- INSTRUCTIONS FOR THE TASK
Although the listing below holds pictures, reproduce only its lines from the one containing "Hyper-realistic low-angle close-up" through the last, exactly and without them.

- INFORMATION SHOWN

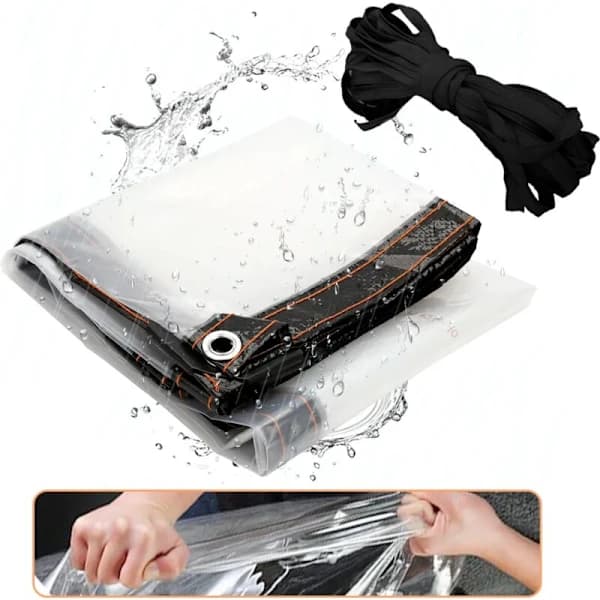 Vanntett klar PVC-presenning, dekkpanel for tak med maljer og tau 2 x 3 m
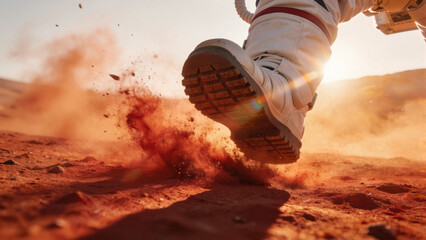 Hyper-realistic low-angle close-up dynamic action shot of astronaut's white space boot stepping onto red Martian soil, kicking up fine red dust particles with motion blur effect. Bright warm... © zhou yan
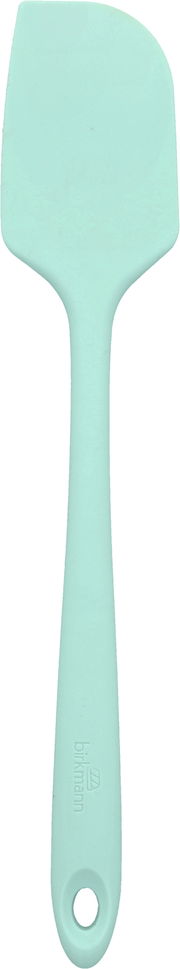 Mintfarbener Teigschaber aus Silikon, frontal abgebildet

- RESPONSE AREA
 Hyper-realistic low-angle close-up dynamic action shot of astronaut's white space boot stepping onto red Martian soil, kicking up fine red dust particles with motion blur effect. Bright warm... © zhou yan
 Mintfarbener Teigschaber aus Silikon, frontal abgebildet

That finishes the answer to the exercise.